* Extracted information *
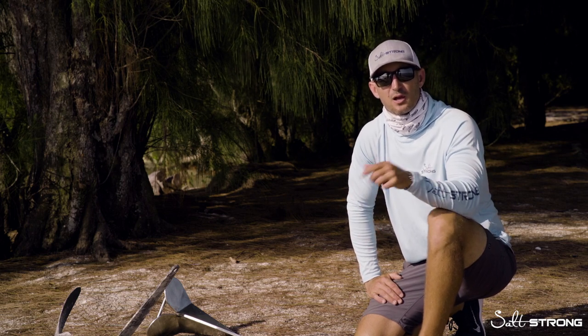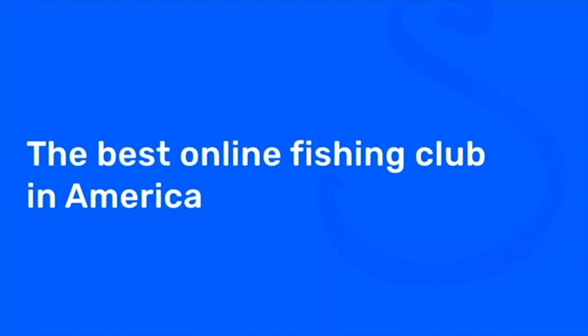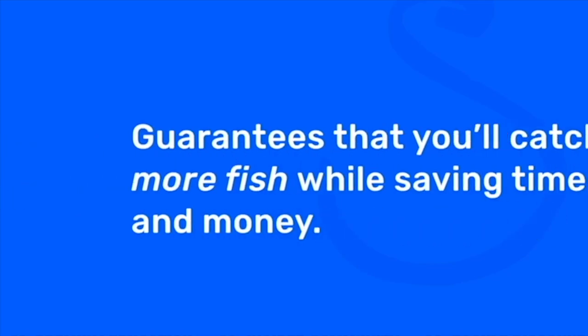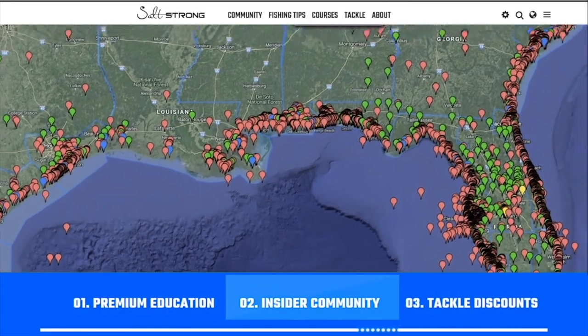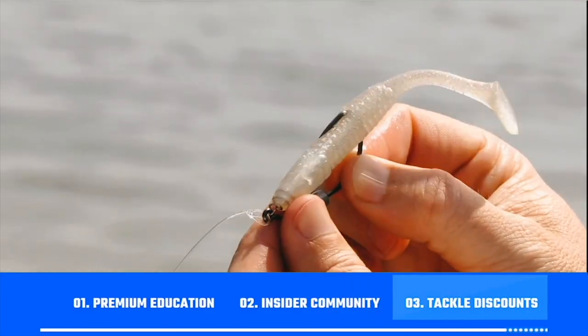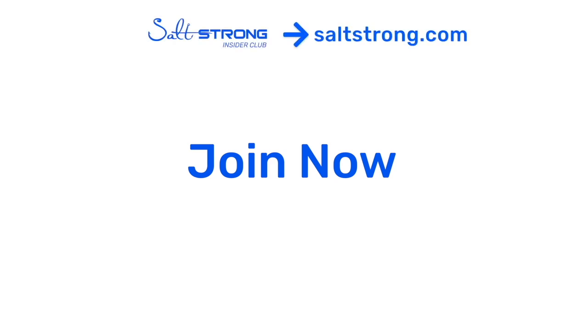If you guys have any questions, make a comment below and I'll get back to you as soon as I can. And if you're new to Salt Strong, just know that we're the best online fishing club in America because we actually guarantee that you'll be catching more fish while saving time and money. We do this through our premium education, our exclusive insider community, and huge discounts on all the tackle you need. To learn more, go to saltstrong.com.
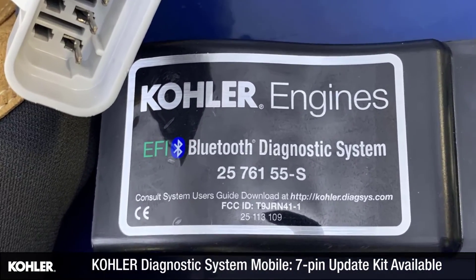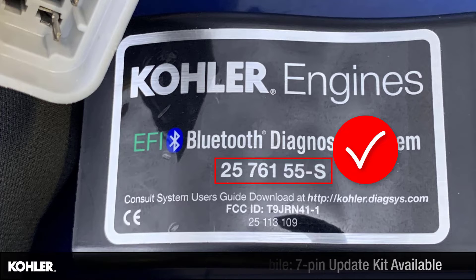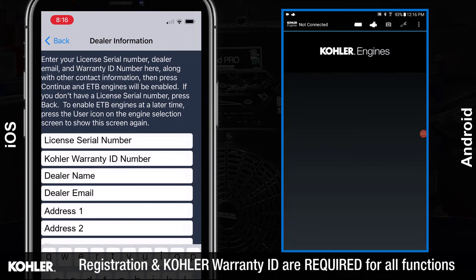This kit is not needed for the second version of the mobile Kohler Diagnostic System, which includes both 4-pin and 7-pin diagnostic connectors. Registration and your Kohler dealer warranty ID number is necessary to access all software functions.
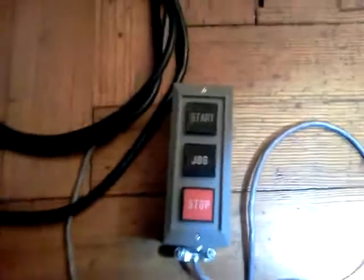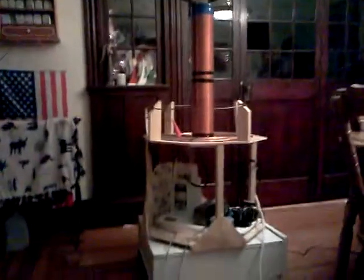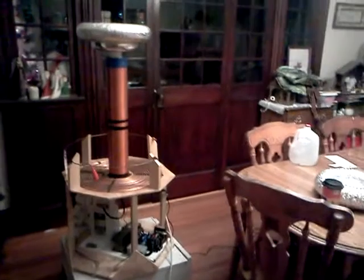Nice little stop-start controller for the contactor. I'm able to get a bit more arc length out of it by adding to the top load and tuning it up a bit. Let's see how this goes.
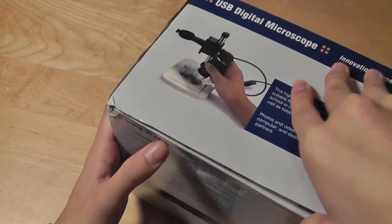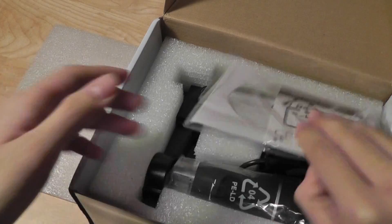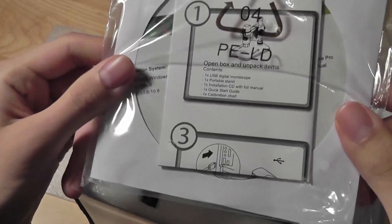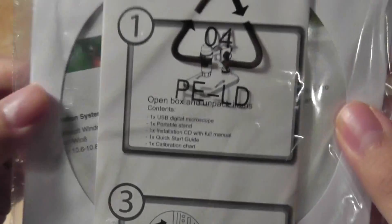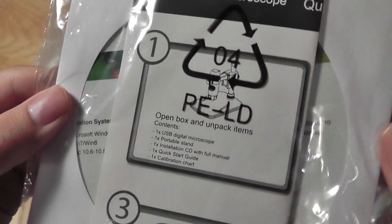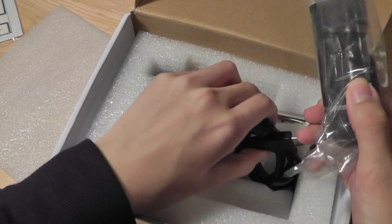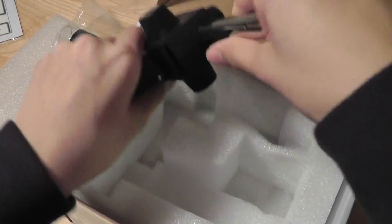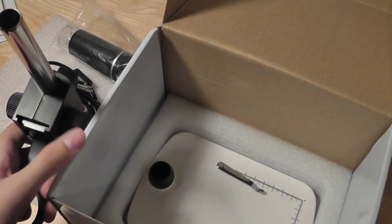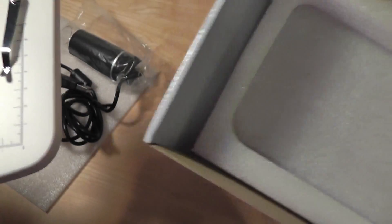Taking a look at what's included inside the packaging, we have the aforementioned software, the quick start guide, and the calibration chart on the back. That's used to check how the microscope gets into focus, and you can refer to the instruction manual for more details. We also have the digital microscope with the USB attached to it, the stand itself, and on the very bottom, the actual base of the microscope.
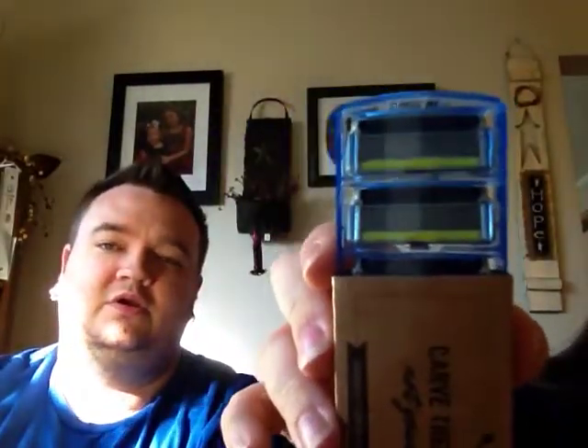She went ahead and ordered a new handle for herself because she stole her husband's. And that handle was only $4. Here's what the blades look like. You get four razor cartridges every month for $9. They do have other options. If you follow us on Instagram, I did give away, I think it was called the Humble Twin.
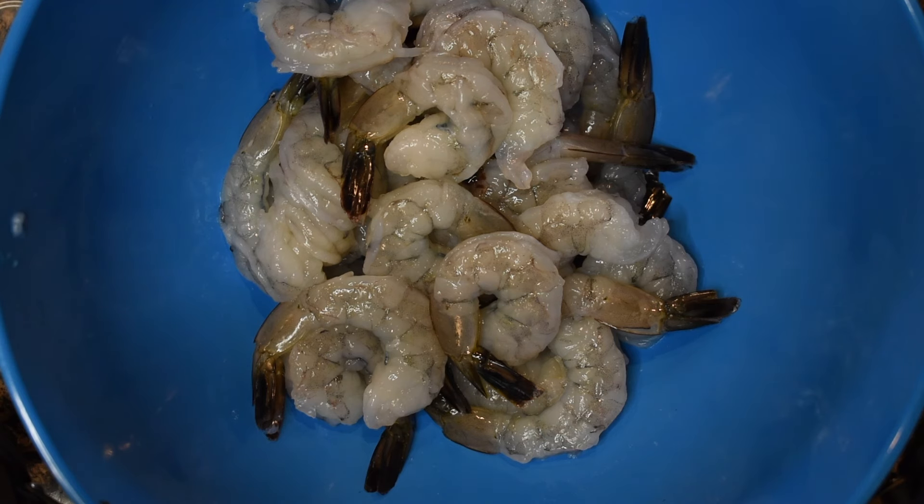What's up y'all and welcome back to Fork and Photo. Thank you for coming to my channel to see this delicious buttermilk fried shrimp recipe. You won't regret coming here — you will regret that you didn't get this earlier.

* Instructions for the task *
Reproduce, exactly and without pictures, the lines above from the one containing "She went ahead" through the last line of the material, both ends included, and nothing more.

* Response box *
She went ahead and ordered a new handle for herself because she stole her husband's. And that handle was only $4. Here's what the blades look like. You get four razor cartridges every month for $9. They do have other options. If you follow us on Instagram, I did give away, I think it was called the Humble Twin.
What's up y'all and welcome back to Fork and Photo. Thank you for coming to my channel to see this delicious buttermilk fried shrimp recipe. You won't regret coming here — you will regret that you didn't get this earlier.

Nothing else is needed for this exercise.